Cuba Wants Gitmo Back

An aerial view of Guantanamo Bay in 2002.

Photo by ROBERTO SCHMIDT/AFP/Getty Images

Cuban President Raul Castro demanded in a speech this week that the U.S. remove the U.S. naval base at Guantanamo Bay before diplomatic relations between the two countries are normalized. The White House has dismissed the idea, saying in a statement that President Obama “does believe that the prison at Guantanamo Bay should be closed down… but not the naval base”

This is the only politically prudent course of action for the White House to take here. Given that Congress is already threatening to derail both the long-delayed efforts to close down the detention center and the diplomatic opening to Cuba, upping the ante by agreeing to a Cuban demand to shutter the entire base seems like a non-starter. Obama has already gone farther and faster than most expected to bring an end to the half-century old conflict between the two countries. He shouldn’t have to  accede to new Cuban demands at this point.

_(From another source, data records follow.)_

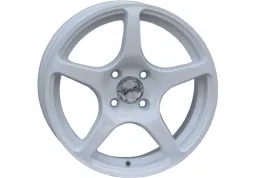 RS Wheels 588J 6.5x15 5x114.3 ET40 DIA67.1 W
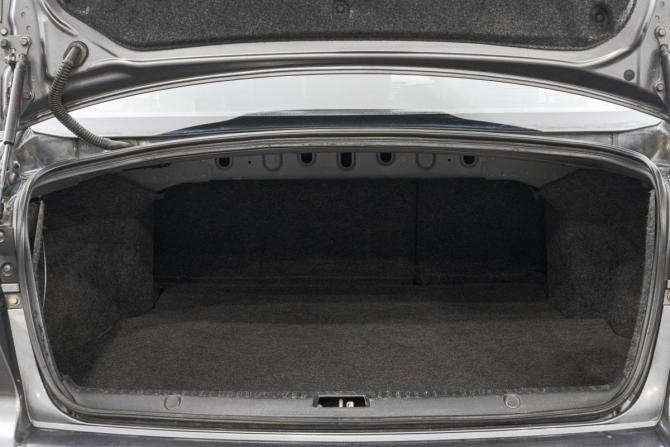 Mitsubishi Lancer X с пробегом 2010 года, цена 839 000 рублей, 284000 км, седан, Автокод Объявления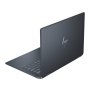 HP Spectre x360 14-eu0003nn (Slate blue) 2.8K OLED Touch, Ultra5 125H, 16GB, 1TB SSD, Win 11 Home (A03GNEA) - slika 5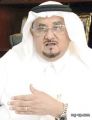 نتائج اجتماع لجنة الاحتراف (زيادة عدد المحترفين ..تحويل الرواتب آلياً .. )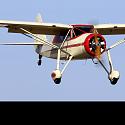 Tom603
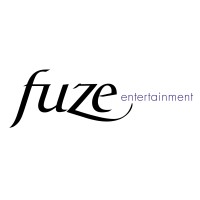 fuze entertainment logo - Similar company to E=Mc² Events | Productions
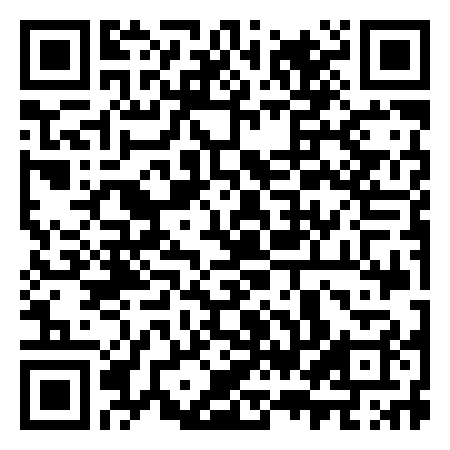 QR Code de Giardini pubblici con giochi
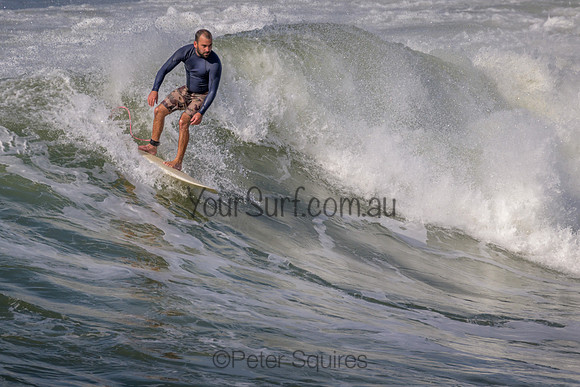 Avalon_220403_090535_0151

Still, separate from the demand, it wouldn’t be unreasonable for the U.S. to take stock of why it continues to control 45-square-miles of Cuban territory and whether it should. The U.S. has controlled Guantanamo, its oldest overseas military base, since 1903 thanks to a lease signed in the aftermath of the Spanish-American War. In an example of what historian Paul Kramer calls “gunboat tenancy,” the U.S. congress effectively made the American military’s access to the site a condition of troops being pulled out of Cuba, and the lease had no cut-off date. The original rent of $2,000 per year in gold was raised to $4,000 in 1934. The U.S. continues to pay the rent every year, though the Castro regime has made a point of never cashing the checks. The base has been completely isolated from Cuba since 1964, when Castro cut off electricity and water to the base.

Guantanamo was a major shipping hub during World War II and was considered strategically vital during the Cold War. Today, it’s a logistical hub for the Navy’s fourth fleet and is used for training and as a staging ground for counter-narcotics efforts and humanitarian relief missions. It hosted refugees fleeing neighboring Haiti after the 1991 coup and the 2010 earthquake. But, since 2002, it’s been best known for the controversial detention center.

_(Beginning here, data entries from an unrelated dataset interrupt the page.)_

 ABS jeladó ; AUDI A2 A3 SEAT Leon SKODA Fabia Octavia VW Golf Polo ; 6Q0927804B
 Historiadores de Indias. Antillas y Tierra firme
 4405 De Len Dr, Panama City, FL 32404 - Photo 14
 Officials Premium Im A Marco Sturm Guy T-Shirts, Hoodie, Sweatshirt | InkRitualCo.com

Given that the Caribbean is not exactly at the top of the U.S. security agenda these days, it doesn’t seem worth it for the U.S. to hold on to a controversial vestige of a not-particularly appealing era of American history. After all, the U.S. gave back the Panama Canal and scaled back its military presence elsewhere in the region. Why not Guantanamo?  

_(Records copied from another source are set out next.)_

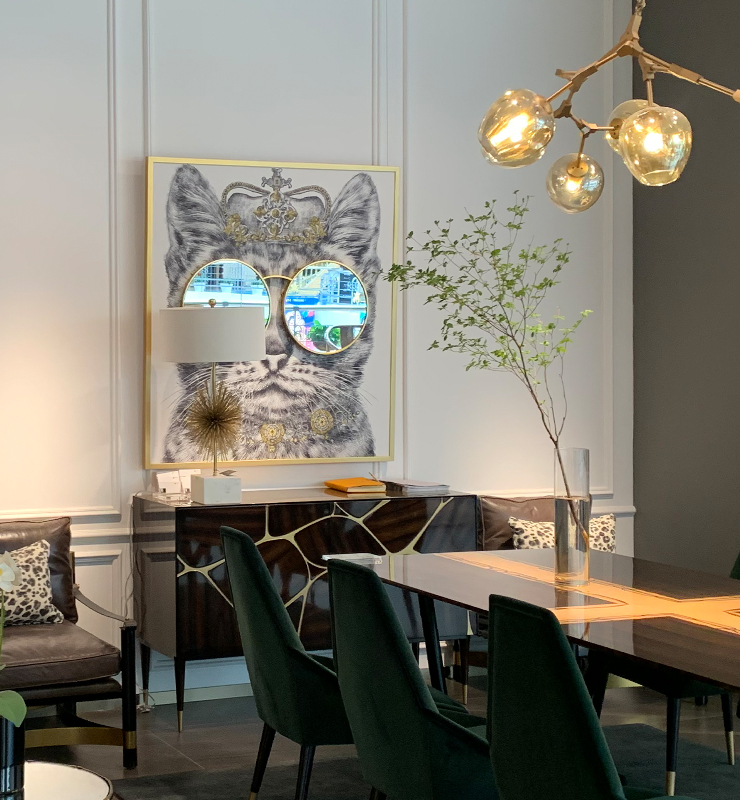 2020-云城荟晨公寓，广州，广东，中国-Yuncheng Huichen Apartment, Guangzhou, Guangdong, China-2.jpg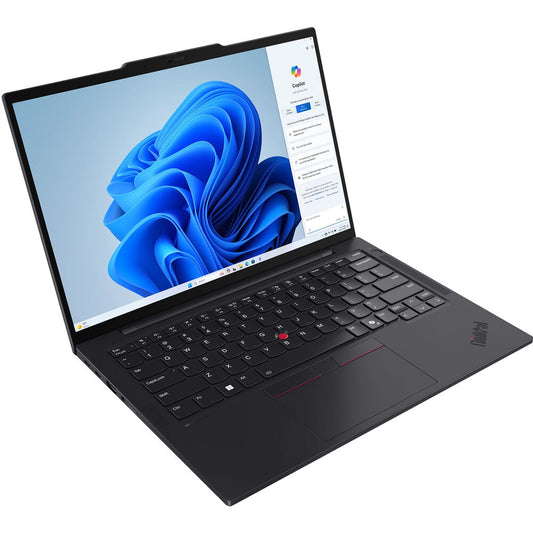 Lenovo ThinkPad P14s G5 Intel Core Ultra 7 with NPU 16GB | 512GB 14" Laptop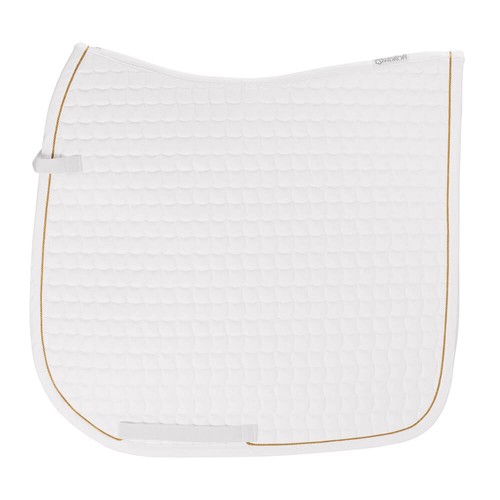 Eskadron basics cotton - eskadron, gold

“Whatever Guantanamo’s minor strategic value to the United States for processing refugees or as a counter-narcotics outpost, the costs of staying permanently—with the stain of the prisons, the base’s imperial legacy and the animosity of the host government—outweigh the benefits,” wrote Julia Sweig, a Cuba expert at the Council on Foreign Relations in 2009. Harvard historian Jonathan Hansen, author of Guantanamo: An American History, argued in 2012 that the base “has served to remind the world of America’s long history of interventionist militarism. Few gestures would have as salutary an effect on the stultifying impasse in American-Cuban relations as handing over this coveted piece of land.” And retired Admiral James Stavridis, former head of the U.S. Southern Command, which includes Guantanamo, says the U.S. should hold on to the base but that it should be “internationalized”—converted into a hub where countries throughout the region could cooperate on humanitarian relief efforts and counter-narcotics programs.

The time might not be right for the U.S. to hand over Guantanamo. If anything, the administration should first concentrate on its long overdue effort to close the detention center. But that doesn’t mean nothing else should change. The U.S. and Cuban militaries already hold regular—and from all accounts cordial—meetings at the base fence. Those military contacts could be increased. Cubans also haven’t been employed at the base and U.S. service-members haven’t been able to venture outside the perimeter since the 1960s. That’s another area for improvement. The yearly $4,000 payments are a frankly insulting reminder of an agreement Cuba signed under duress more than a century ago. At some point, more equitable terms could be negotiated.

“You need me on that wall,” goes the famous speech delivered by Jack Nicholson’s fictional Gitmo commander in A Few Good Men. For a century, few have questioned the necessity of maintaining a base on enemy territory, despite the ugly circumstances of its founding. But if the long conflict between the U.S. and Cuba does come to an end, the wall should eventually come down.